■ **Task brief**: Starting with the line with "If safety is" in the entries below and going on through the line with "Now we're going", output every line exactly and nothing more. No pictures.

• • •

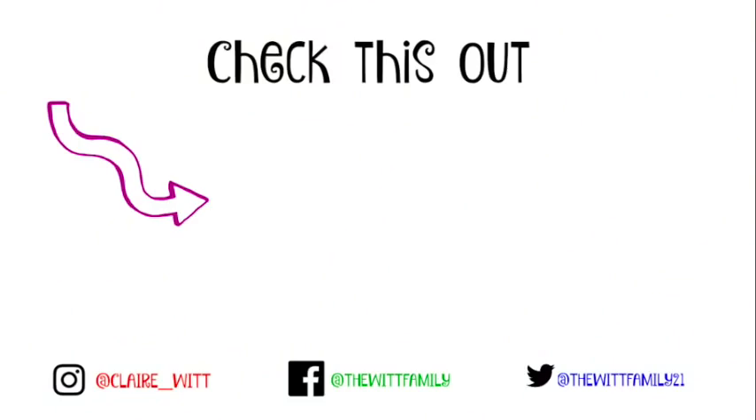I really hope you enjoyed this video — let me know if you did, and I'll see you all soon.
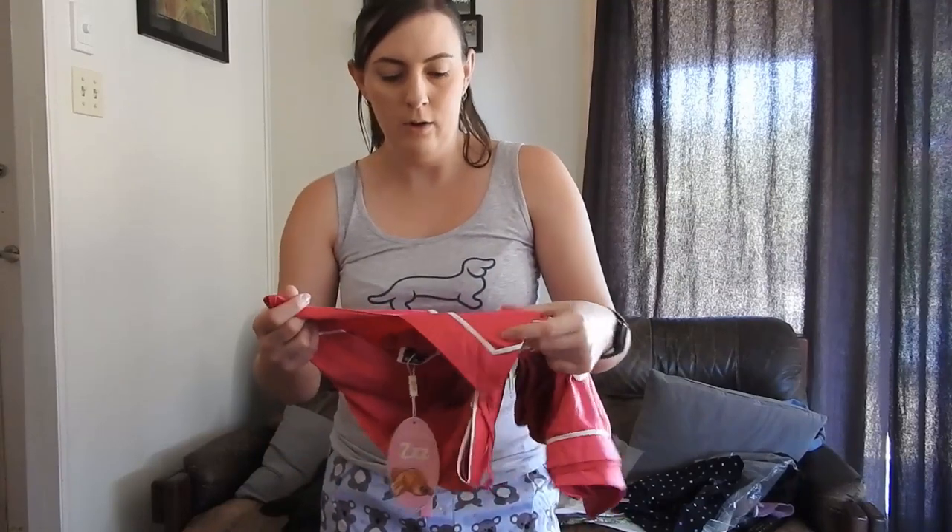Everything fits really well — I got a size small in everything. These are so nice, I love these. These are probably my favorite so far.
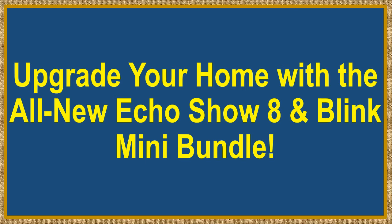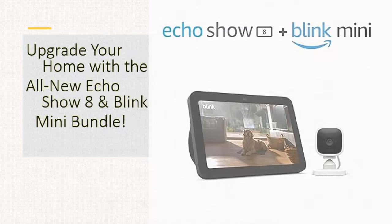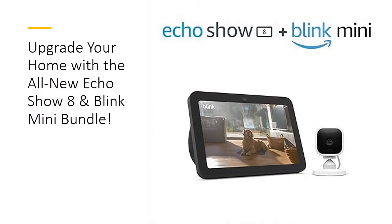Upgrade your home with the all-new Echo Show 8 and Blink Mini Bundle. Elevate your home entertainment and connectivity with the all-new Echo Show 8 bundled with the Blink Mini.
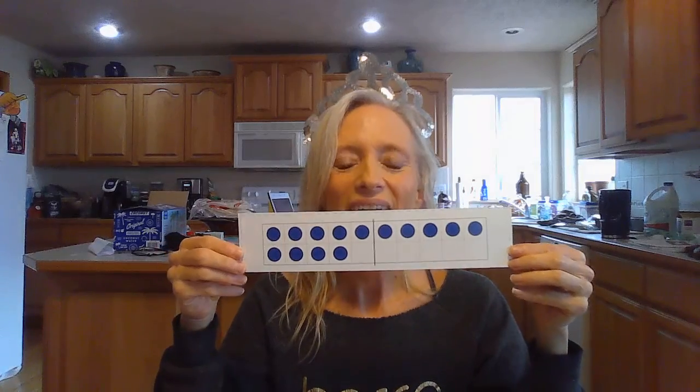You'll notice we're going in order. I wonder what our next number is going to be. How many dots on the top row? 10. How many dots on the bottom row? 4. How many is that all together? Some of you might just know in a snap — oh, that's 14. If not, go 10, 11, 12, 13, 14.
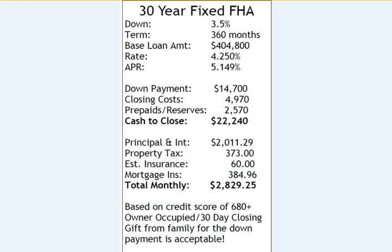With this scenario at minimum down of 3.5%, we have a base loan amount of $404,800, an interest rate of 4.25%, APR of 5.149%, with a down payment of $14,700, estimated closing costs of $4,970, prepaids and reserves of $2,570, and cash to close of $22,240. The cash to close in all scenarios does not factor in any earnest money deposit — for example, if you put $2,000 or $5,000 down, that would be subtracted from the $22,240.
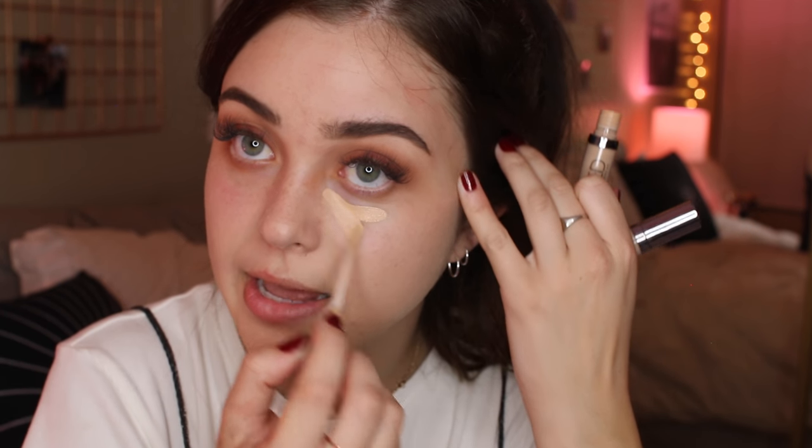I'm going to do concealer now. I'm using the Urban Decay Naked Skin Concealer — the one I use all over my face is usually Neutral Light, but the one I use under my eyes is Neutral Warm because it's lighter. When you have a makeup look that's a little darker or on the dead side, you want a brighter concealer. I'm just going to take a flat kabuki brush and blend that out — there's really no way to blend concealer that doesn't look absolutely ridiculous.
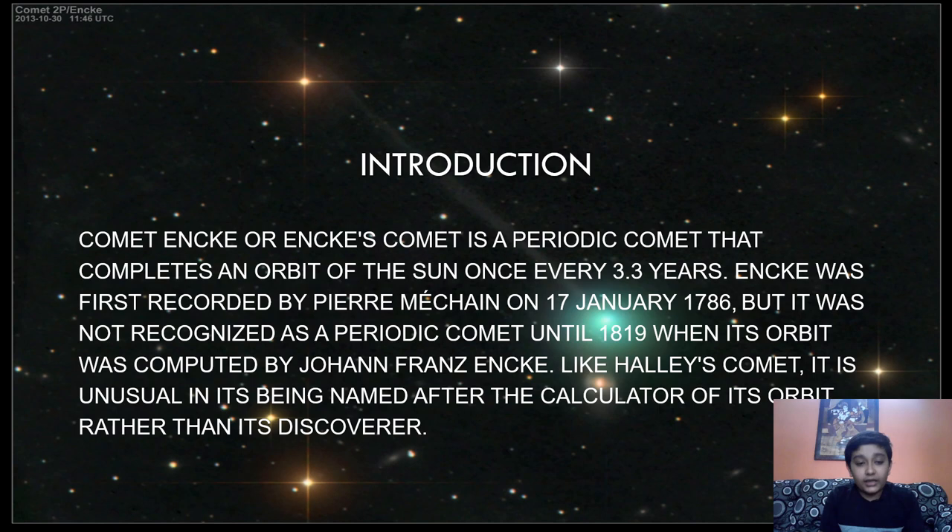After Encke calculated the orbit, the comet started to gain more importance. Like Halley's comet, it is an unusual thing that the comet was named after the calculator of its orbit. It had to be named by Pierre Méchain, the original discoverer, but instead it was named after Johann Franz Encke — just as Halley's comet was named after the calculator of its orbit.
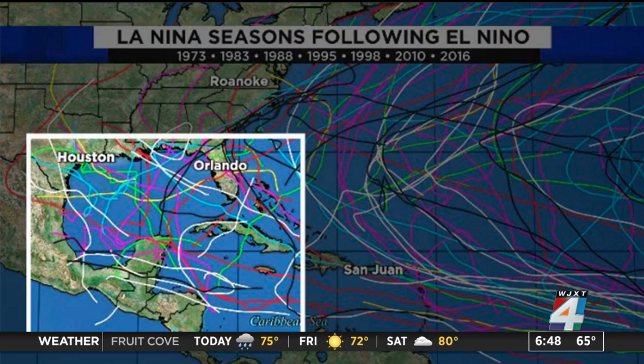A similar year to this pattern would be back to 2020. Think back to what happened that season. In 2020, we saw wall-to-wall tropical storms — 12 in total, 6 hurricanes, and 2 major hurricanes that hit the United States. That would be Hurricane Laura and Hurricane Teddy.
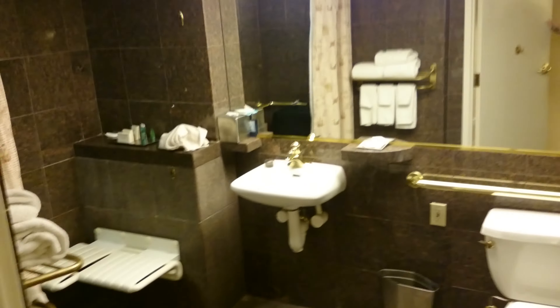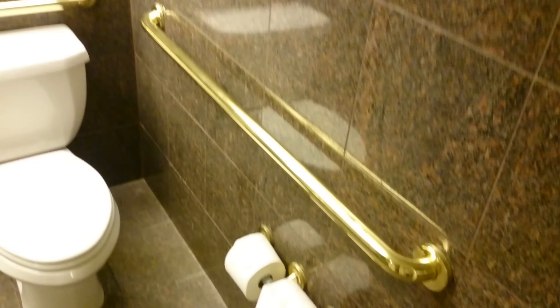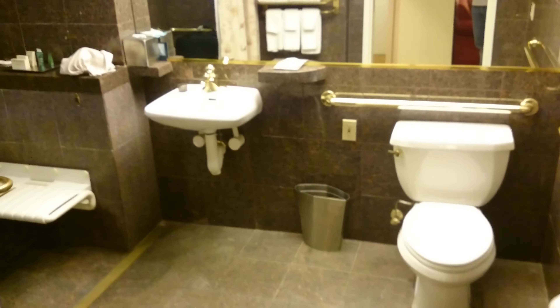Now I'm going to take you over to the bathroom, which is a roll-in shower room. You can see a nice gold finish and marble walls. There we go — nice size bathroom.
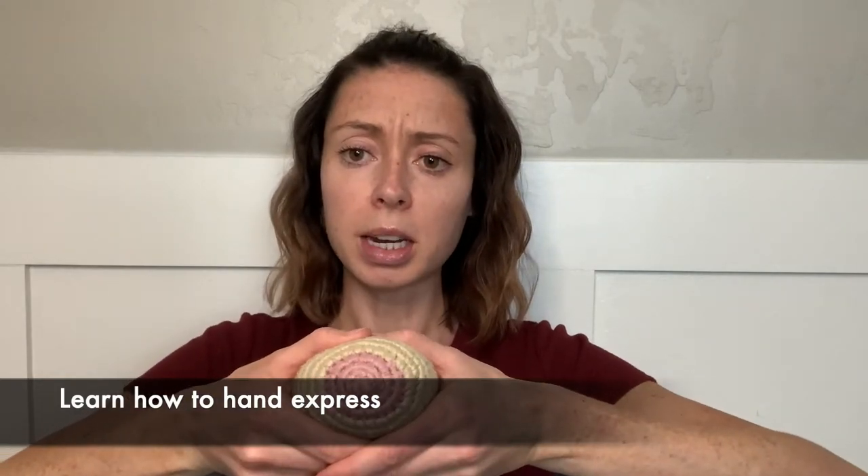The best way to let some air out of the balloon is hand expression. It's usually easiest when teaching first-time parents to use both hands like this, but you can just use one hand. You hold your breast in a C shape and bring your fingers together behind the areola — the areola is this darkened area right here.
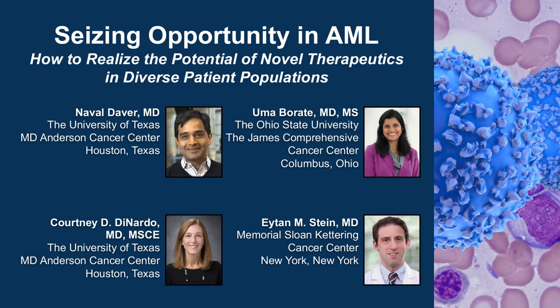The following podcast is part of a certified educational activity titled 'Seizing Opportunity in AML: How to Realize the Potential of Novel Therapeutics in Diverse Patient Populations.' Access the entire activity and complete the posttest at peerreview.com/hcq860. Downloadable slides and practice aids are also available.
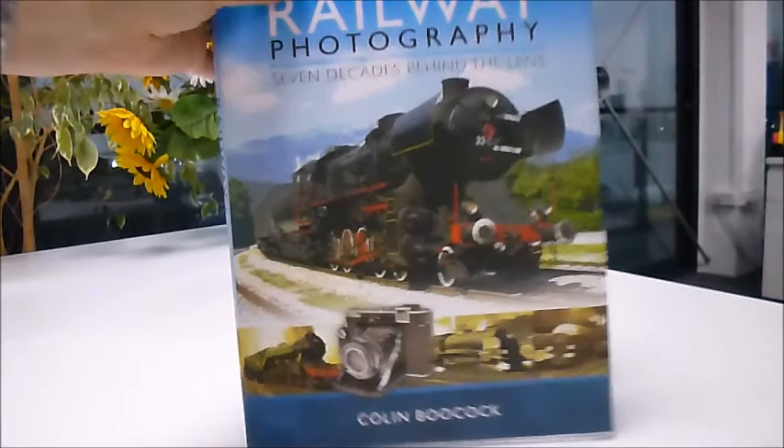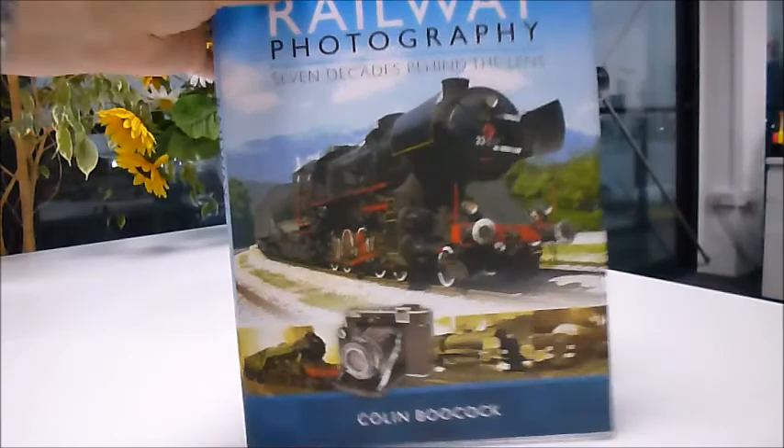Big glossy pages — 256 pages. It's a £30 book called '70 Years of Railway Photography' and it's just £15, half price, through bibliophilebooks.com.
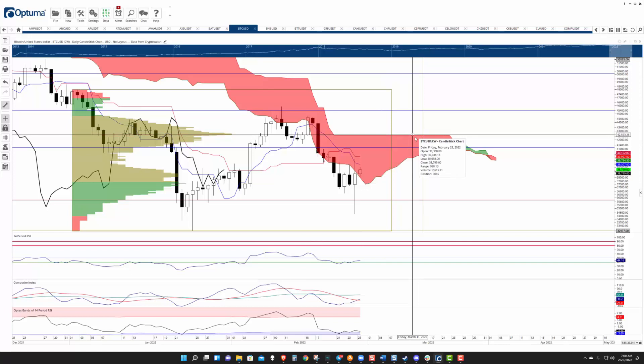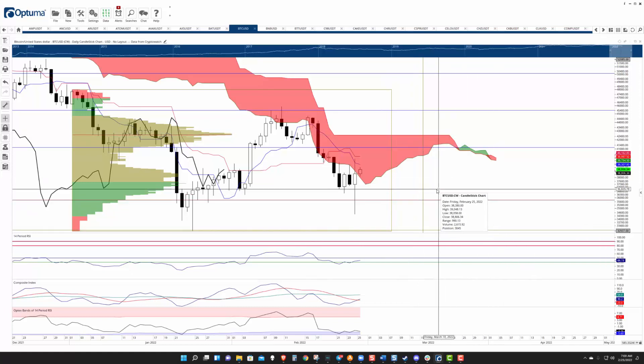How far does it need to go down to confirm an ideal bearish Ichimoku breakout? Not far. When we revisit on Tuesday, a daily close around 36,800 will kind of seal the deal.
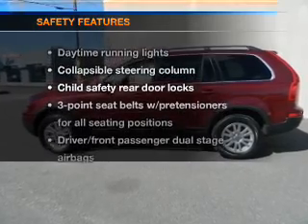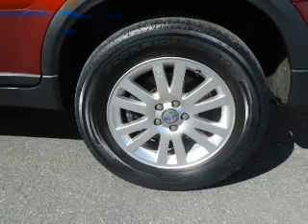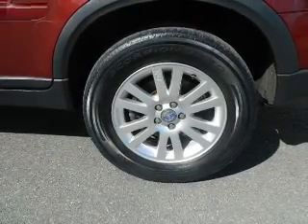If safety is a high priority, rest assured knowing that these top safety components are included: traction control, stability control, daytime running lights, and low tire pressure warning.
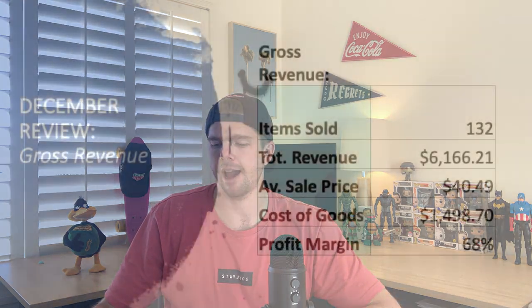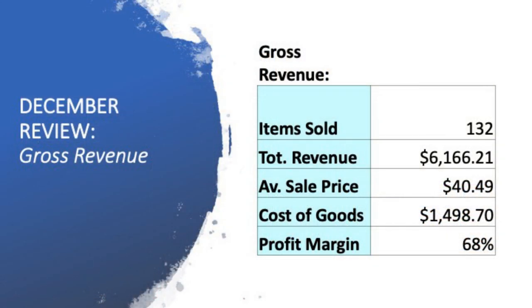Now we're going to the point where I take you through my December monthly sales figures. So we'll dive into the first screen — my gross revenue for the month of December. I made 132 sales in the month of December. My total revenue worked out to be $6,166.21, and that figure does include postage. My average sales price worked out to be $40.49, and that figure doesn't include postage.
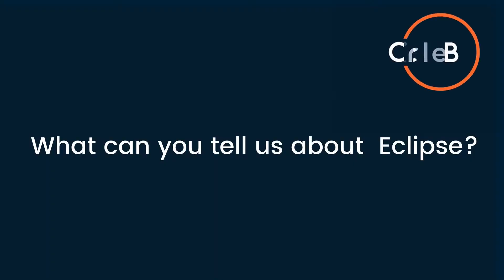Hello, I'm here today with Menno Kortekas. He is the Chief Technical Officer for CircleB. Menno is here to talk about CircleB's newly launched service Eclipse. So Menno, what can you tell me about CircleB Eclipse?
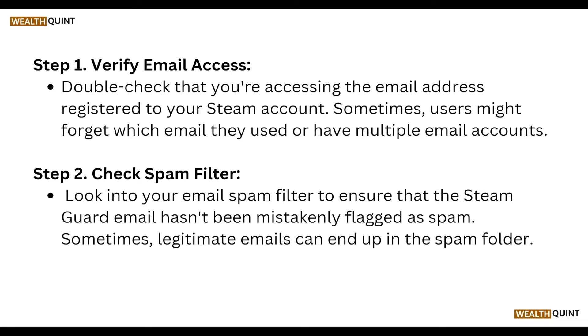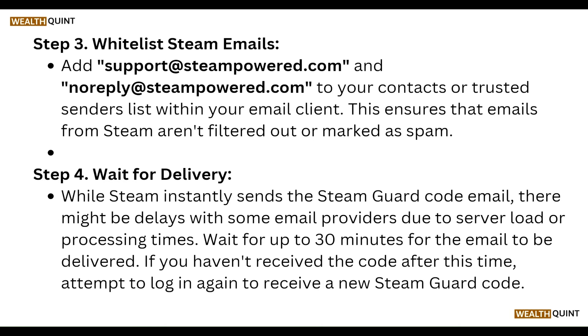Check your spam folder. Look into your email spam filter to ensure that the Steam Guard email hasn't been mistakenly flagged as spam. Sometimes legitimate emails can end up in a spam folder.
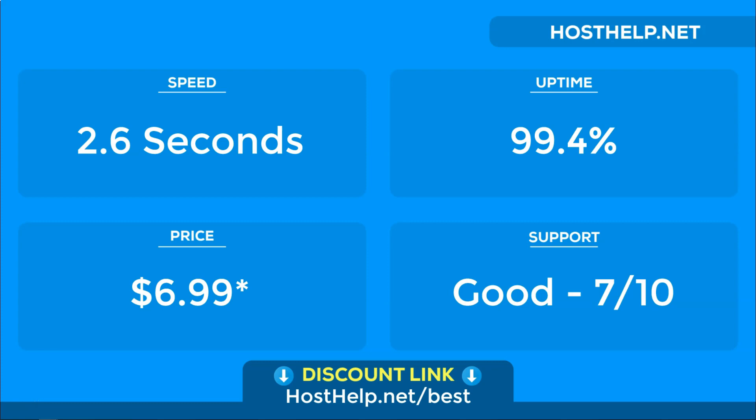We hope you enjoyed this video. If you'd like to see more WordPress hosting reviews, please subscribe to our channel for more videos.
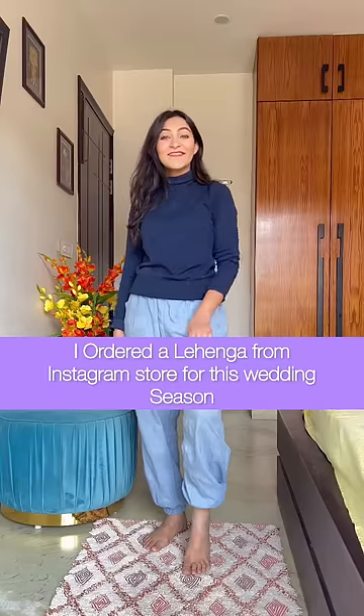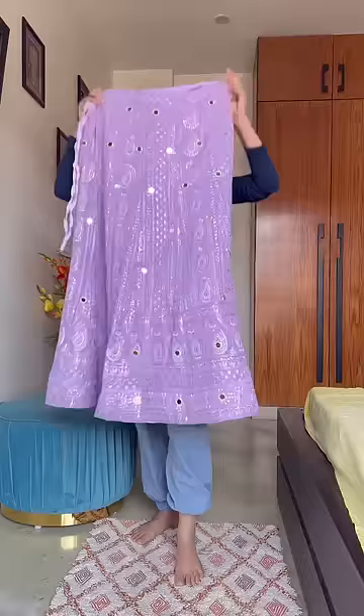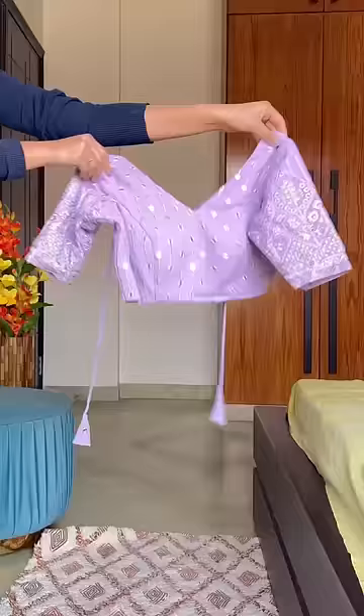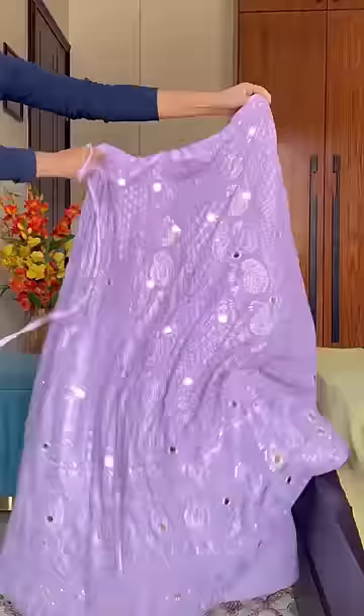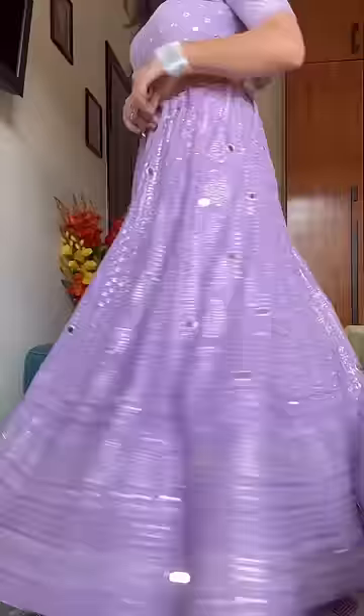Hello guys, as you know wedding season is around the corner. I tried a store on Instagram where I purchased this lavender color lehenga. It's a georgette fabric with a pre-stitched blouse and I got a good fit. The lehenga has work done on it and it's free size.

• • •

■ **Answer below**:
If safety is a high priority, rest assured knowing that these top safety components are included: traction control, stability control, daytime running lights, and low tire pressure warning.
Now we're going to the point where I take you through my December monthly sales figures. So we'll dive into the first screen — my gross revenue for the month of December. I made 132 sales in the month of December. My total revenue worked out to be $6,166.21, and that figure does include postage. My average sales price worked out to be $40.49, and that figure doesn't include postage.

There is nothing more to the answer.